To those of you in the Northern Hemisphere- Enjoy your first day of summer and you can start sharing some of those extra hours of sunshine NOW. As for us, we already started winter. For some reason Australia has divorced itself from using the sun as a calendar. Winter starts June 1. Solstice be damned! But, for me, pagan that I am at heart, I celebrated the beginning of the winter season by moving my summer clothes into the spare room closet and pulled out my winter clothes. We dashed out two weeks ago and purchased a space heater so we can huddle together on the love seat and stare at the computer screen in comfort. Maybe it was because my house was ALWAYS 65 degrees in the winter (day and evening) that it felt more comfortable than 65 on a Brisbane evening. Maybe it is contrast of the warm sunny afternoons that make the nights feel so frigid.

3 comments:

Anonymous said...

but but but!!! The solstice markes the MIDDLE of the season, not the start!

Although I must say, I just do not understand Aus and NZ saying summer starts on Dec 1 and winter on Jun 1, makes no sense at all to me. I grew up in the UK where Midsummer is fairly and squarely bang central on the Summer Solstice, the shortest night. Can't get my head around summer starting a mere three weeks before that.

NNV said...

It must be different in the US because the solistice is the START of summer- even though it has been quite warm for about a month (more or less). I had to look it up to be sure I wasn't losing my mind- which happens. And, I learned from Wikipedia "Summer is one of the four seasons of the year. Almost all English-language calendars, going by astronomy, state that summer begins on the summer solstice and ends on the autumn equinox in the Northern Hemisphere. Summer in the Southern Hemisphere, oppositely, is the time of winter in the north. Alternatively, according to meteorology, summer can be the whole months of June, July, and August, in the Northern Hemisphere, and the whole months of December, January, and February, in the Southern Hemisphere. The convention in Australia is to use the meteorological definition so that summer starts on 1 December." I'm not sure what a meterological definition means for sure.

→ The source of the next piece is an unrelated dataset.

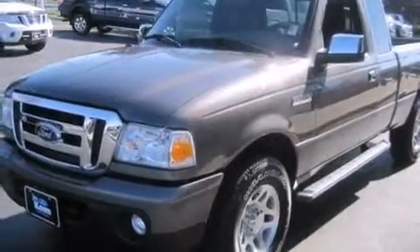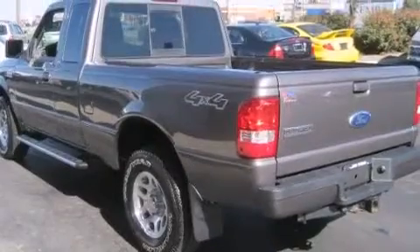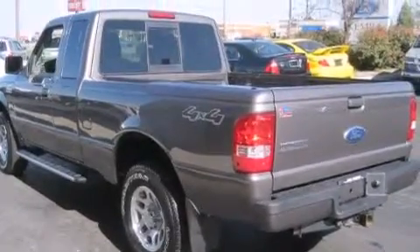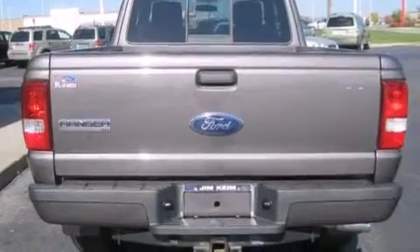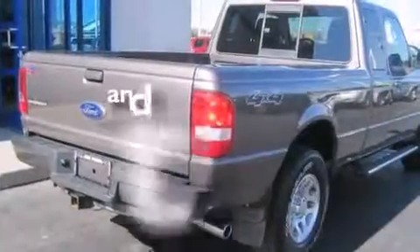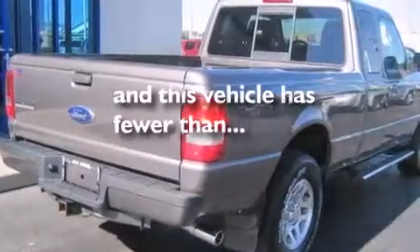Features include aluminum wheels, traction control and stability control systems, cruise control, a CD player, a leather-wrapped steering wheel, a passenger side vanity mirror, a driver airbag, air conditioning, full-power accessories, and this vehicle has less than 14,000 miles.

I'm guessing it has something to do with weather trends. (I could look that up- but my brain is tired.) Anyway, Cathi, when does summer begin and end in the UK? And, when does the school year begin?

Anonymous said...

So why is June 21 called "Midsummer's Eve"????? Wikipedia is showing a decided North American bias here.

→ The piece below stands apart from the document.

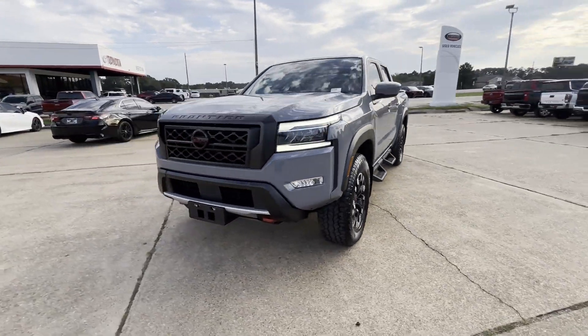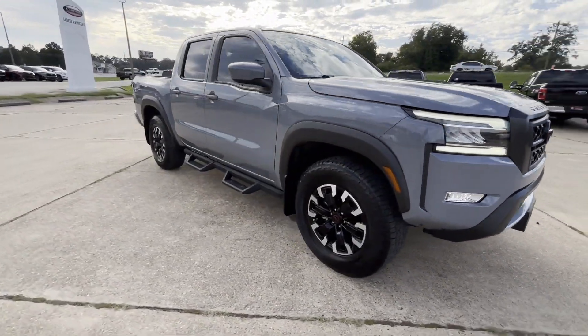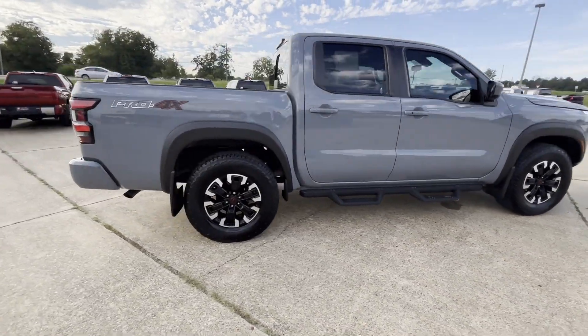2023 Nissan Frontier with less than 17,000 miles on the odometer. This pickup truck offers two full rows of seating for premium comfort.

I don't really remember people talking about the first day of summer, although May has overtones of it, because the saying "Ne'er cast a clout till May be out" acts as a warning that you don't trust an English Summer until the month of May is finished, or the hawthorn bush (may, as in Queen of the May) has blossomed, depending on your interpretation. We don't say "today's the first day of winter" either.

The school year begins in September, a couple of weeks before the autumnal equinox. Harvest Festival is about the same time, telling us that the height of autumn is passed and we are winding down to winter. The clocks go back at the end of October to show that winter has arrived :) Guy Fawkes Night (5th Nov, and which has replaced Halloween as a fire festival in the celto-british cosmology) is definitely a marker for the beginning of winter. Definitely.

Different countries have different rhythms. Here in NZ Easter is considered a gloomy festival and has no remnant at all of its foundation of celebrating spring. We have no problem with the paradox of chocolate rabbits and eggs celebrating death. But if you ask a lot of Kiwis they'll say Easter is an end-of-year festival, it's when you close up your holiday home, tidy up the garden for the onset of its maintenance phase, clear the guttering and make sure the roof doesn't leak. It's hard to think of rebirth and new life when autumn is well advanced. Even the sermons (not that I've heard many) speak of how in death there is life, a different angle reflecting the upside down world in which you and I find ourselves.